We're sorry Aspose doesn't work properply without JavaScript enabled.

Free Support Forum - aspose.com

How to extract embedded objects(pdfs-docs....) inside excel

Hi Aspose,


We have a requirement to get extract all the embedded objects in a excel sheet. We required to get the name of the embedded objects and also extract the files.

For Ex: if there is a pdf file(pdfattach.pdf) embedded in the excel, we need to save the pdf file and get the name “pdfattach”.

Thanks in Advance,
Prabu J

Hi,


Thanks for your query.

Please see the document(s) for your reference:
http://www.aspose.com/docs/display/cellsnet/Managing+OLE+Objects#ManagingOLEObjects-ExtractingOLEObjectsintheWorkbook (.NET)
http://www.aspose.com/docs/display/cellsjava/Managing+OLE+Objects#ManagingOLEObjects-ExtractingOLEObjectsintheWorkbook (JAVA)

Thank you.

Hi ,


Thanks for your reply.

We are able to save the objects, but the problem for us is to get the “name” of the files.

In the example we are saving the files in a different name. We need to save the file in the same name showing in the XLS.

In the examplpe given in http://www.aspose.com/docs/display/cellsjava/Managing+OLE+Objects#ManagingOLEObjects-ExtractingOLEObjectsintheWorkbook (JAVA)

the file name seen in XLS are v6.pdf, datatest.xls…
But we are saving as OLE1,OLE2…

We would like to know is there a way to get the name/title of the OLE objects embedded in XLS.

Thanks and Regards,
Prabu

Hi,


Please try using OleObject.getObjectSourceFullName() method for your requirements.

Hope, this helps a bit.

Thank you.

Hi,


We have tried all the options given below. We still dint get the name of the file embedded. We are getting only NULL as value.

System.out.println(ob.getAlternativeText());
System.out.println(ob.getHtmlText());
System.out.println(ob.getImageSourceFullName());
System.out.println(ob.getInputRange());
System.out.println(ob.getLinkedCell());
System.out.println(ob.getMacroName());
System.out.println(ob.getName());
System.out.println(ob.getObjectSourceFullName());
System.out.println(ob.getProgID());
System.out.println(ob.getSourceFullName());
System.out.println(ob.getText());
System.out.println(ob.getTitle());
System.out.println(ob.getFileFormatType());
System.out.println(ob.getFileType());

Is there any other way to get the file name.

Thanks and Regards,
Prabu

Hi,


For your information, if the underlying OLE Object is not a linked object, the stored file name would not be same as per original file name. Anyways, could you provide your template Excel file containing Ole Objects, we will check it soon.

Thank you.

Hi,


I’m also encountering same issue on getting the original file name of embedded objects (word, excel and powerpoint) from excel. Please find the attached excel with embedded objects of various file types. And a screenshots of output of the extraction. The method getObjectSourceFullName() does return the original file name for word, excel, power point, pdf and bmp image. Please advise.

Thanks.

Hi Lee Chiaw Chin,


Thanks for the template file and screenshot.
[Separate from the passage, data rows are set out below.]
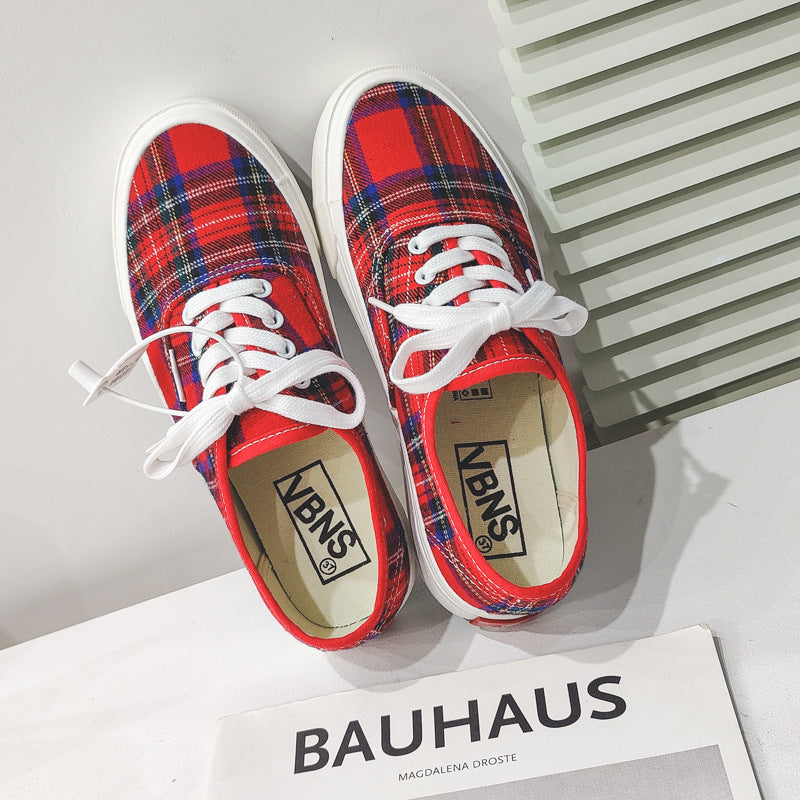 Plaid Low Top Canvas Casual Shoes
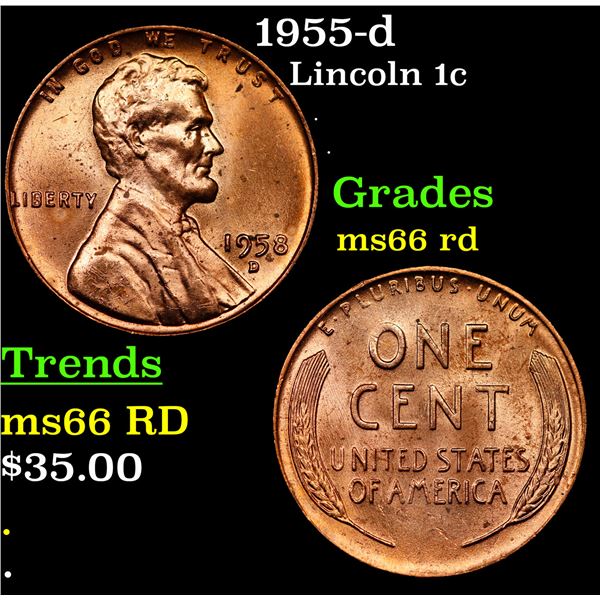 1955-d Lincoln Cent 1c Grades GEM+ Unc RD
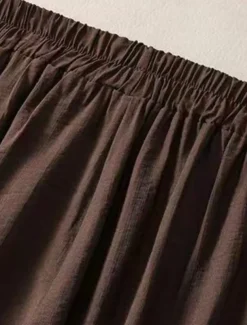 Women's Cotton Linen Pants Chinos Fashion Basic Ethnic Full Length Medium Waist Floral Embroidered Pocket Drawstring Comfort Outdoor Stretchy Vacation Street Causal Black White Coffee Summer Spring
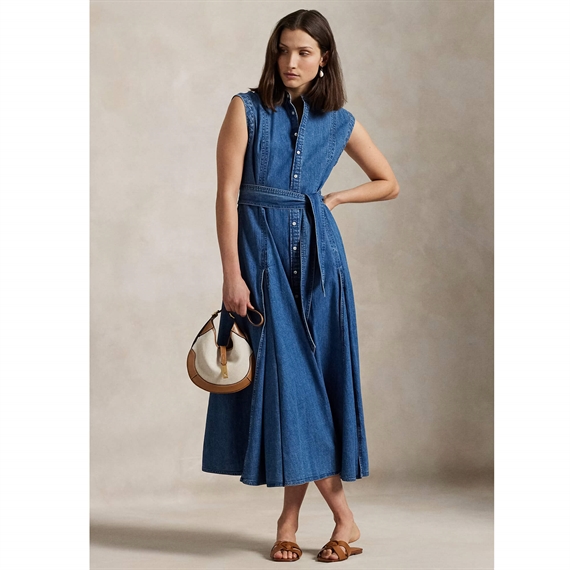 Polo Ralph Lauren Belted Denim Sleeveless Kjole, Indigo 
Yes, you are right as I noticed by testing your scenario/ case. I got different file names for the embedded objects. But as I said earlier, since, your underlying OLE Object are not linked object, the stored file names may not be same as per original file names. Anyways, I will further check with the product team if this is an issue or expected behavior. We will get back to you soon.
e.g
Sample code:

// Instantiating a Workbook object
Workbook workbook = new Workbook(“XLSX-EMBEDDED.xlsx”);

// Get the OleObject Collection in the first worksheet.
OleObjectCollection oles = workbook.getWorksheets().get(0).getOleObjects();

// Loop through all the ole objects and extract each object. in the worksheet.
for (int i = 0; i < oles.getCount(); i++) {
if (oles.get(i).getMsoDrawingType() == MsoDrawingType.OLE_OBJECT) {
OleObject ole = (OleObject) oles.get(i);
System.out.println(ole.getSourceFullName());

}
}

Thank you.

Hi Amjad Sahi


Thanks for you reply. Would like to know if the product team has check that it is an issue or expected behavior?

Thanks

Hi,


See what we got the results via Aspose.Cells APIs:
Microsoft_Word_97_-_2003_Document1.doc
Microsoft_Word_Document1.docx
Microsoft_Excel_97-2003_Worksheet2.xls
Microsoft_Excel_Macro-Enabled_Worksheet2.xlsm
Microsoft_Excel_Worksheet3.xlsx
Microsoft_PowerPoint_97-2003_Presentation3.ppt
Microsoft_PowerPoint_Presentation4.pptx
C:\Users\lcchin\Desktop\New folder (4)\1\ERS-CS-20161016-MSG.msg
C:\Users\lcchin\Desktop\New folder (4)\1\ERS-CS-20161016-TXT.txt
oleObject3.bin
C:\Users\lcchin\Desktop\New folder (4)\1\ERS-CS-20161016-HTML.html

C:\Users\lcchin\Desktop\New folder (4)\2\ERS-CS-20161016-GIF.gif
C:\Users\lcchin\Desktop\New folder (4)\2\ERS-CS-20161016-JPEG.jpeg
C:\Users\lcchin\Desktop\New folder (4)\2\ERS-CS-20161016-JPG.jpg
C:\Users\lcchin\Desktop\New folder (4)\2\ERS-CS-20161016-PNG.png
C:\Users\lcchin\Desktop\New folder (4)\2\ERS-CS-20161016-TIF.tif
C:\Users\lcchin\Desktop\New folder (4)\2\ERS-CS-20161016-TIFF.tiff

Could you give us your expected results, we will check it soon.

Thank you.